(Given information begins)

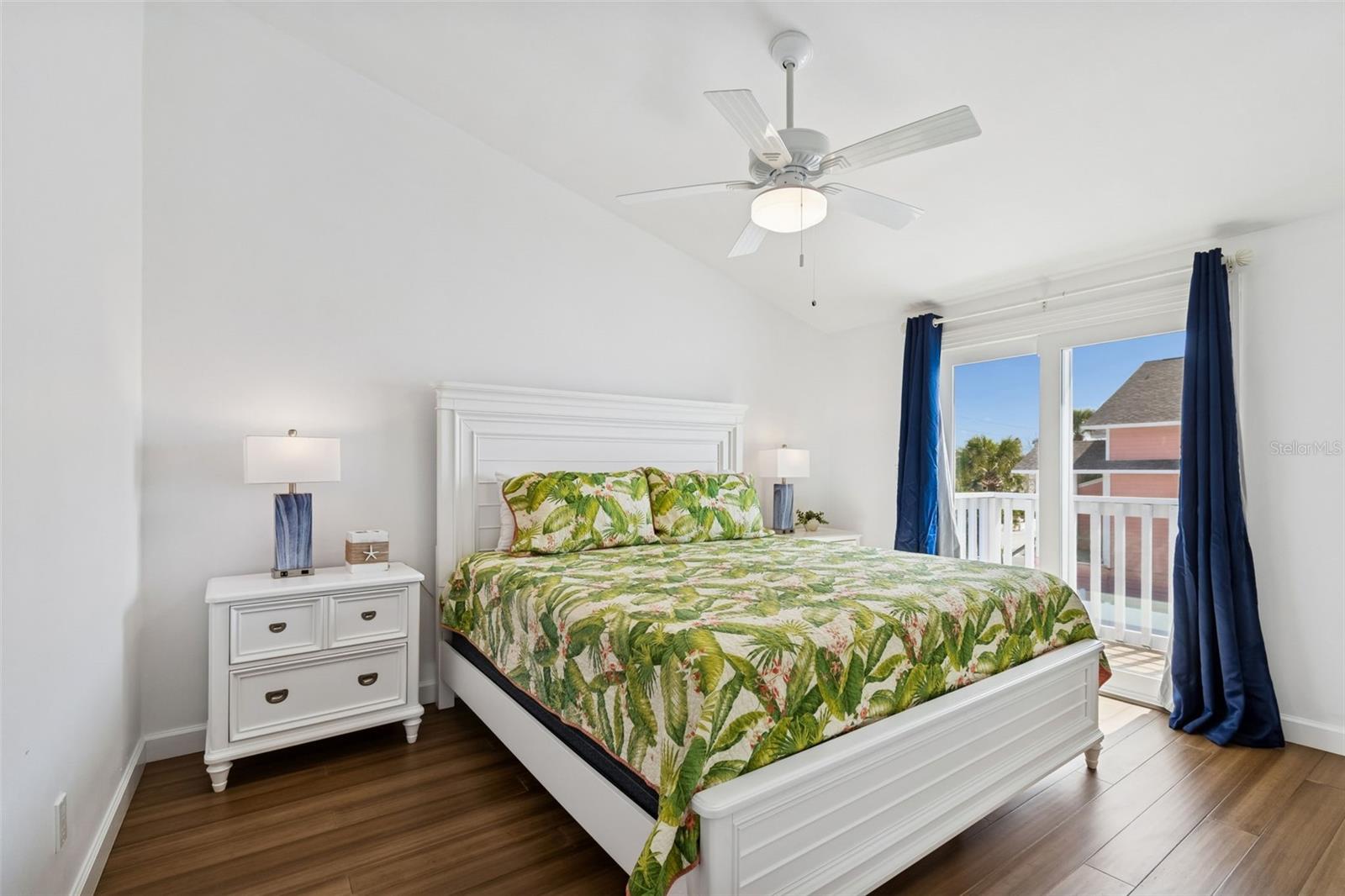 8432 W GULF BLVD #Sailfish, TREASURE ISLAND, FL, 33706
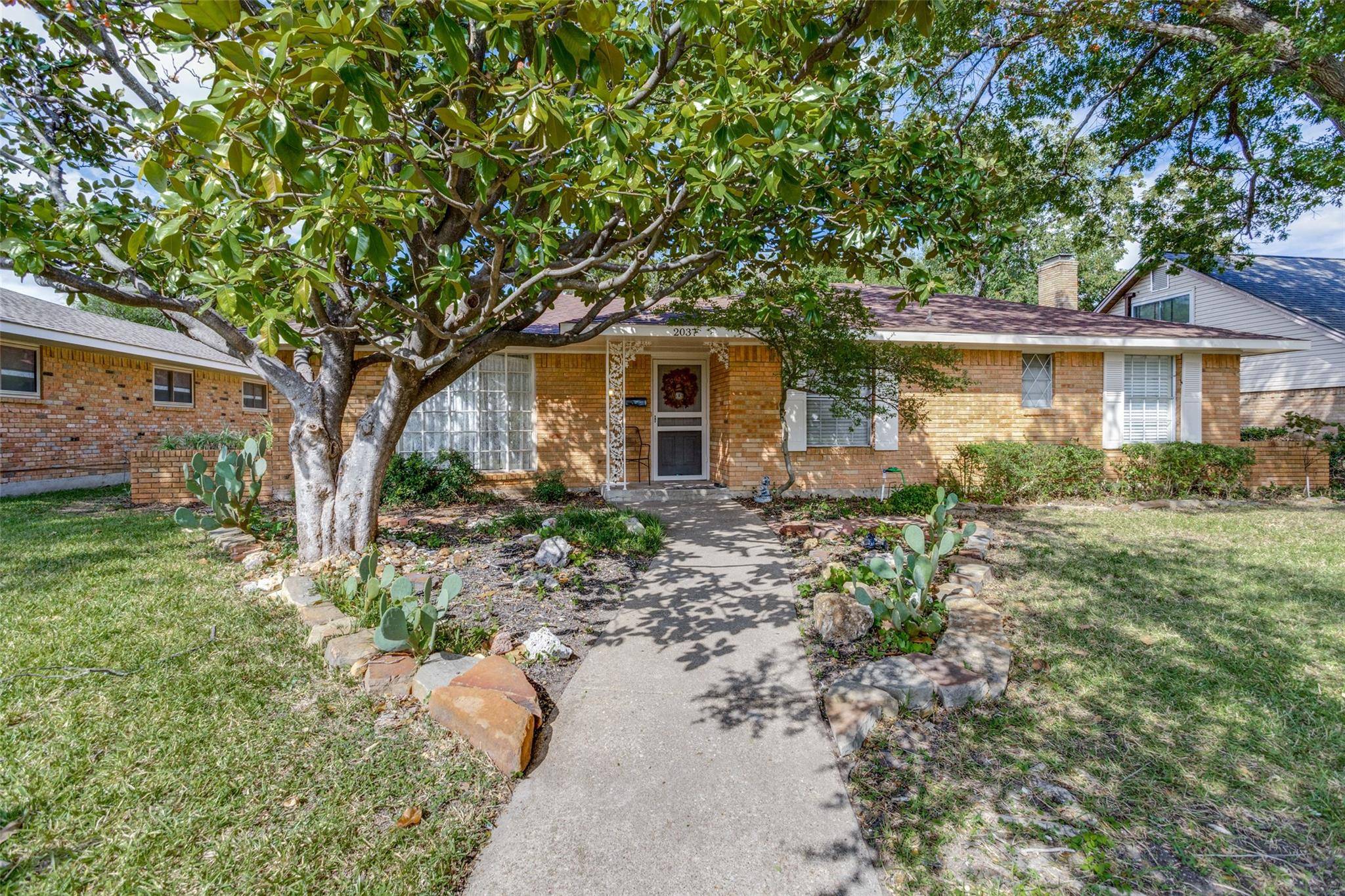 Dallas, TX 75232,2037 Cedar Valley Lane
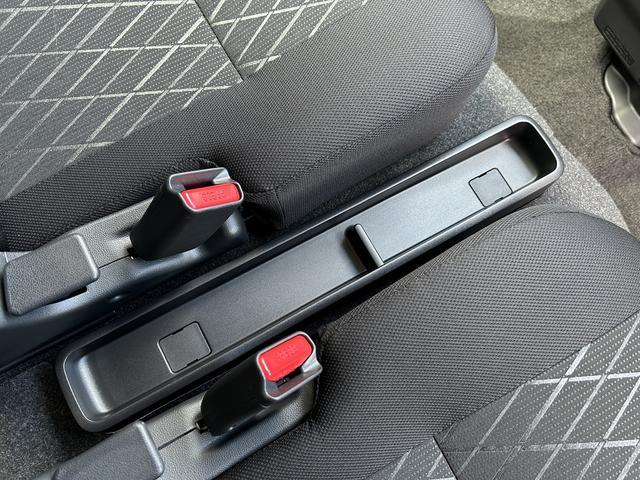 アトレーRS 9インチディスプレイオーディオ バックカメラ保証 新車保証・まごころ保証 1年間・走行距離無制限付き キーフリーシステム バックカメラ LEDヘッドランプ ディスプレイオーディオ コーナーセンサー 両側電動スライドドア アイドリングストップ(東京都)の中古車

(Given information ends)

» Task to complete: Pictures stay out; the data above is to be returned exactly.

» Exercise result:
 8432 W GULF BLVD #Sailfish, TREASURE ISLAND, FL, 33706
 Dallas, TX 75232,2037 Cedar Valley Lane
 アトレーRS 9インチディスプレイオーディオ バックカメラ保証 新車保証・まごころ保証 1年間・走行距離無制限付き キーフリーシステム バックカメラ LEDヘッドランプ ディスプレイオーディオ コーナーセンサー 両側電動スライドドア アイドリングストップ(東京都)の中古車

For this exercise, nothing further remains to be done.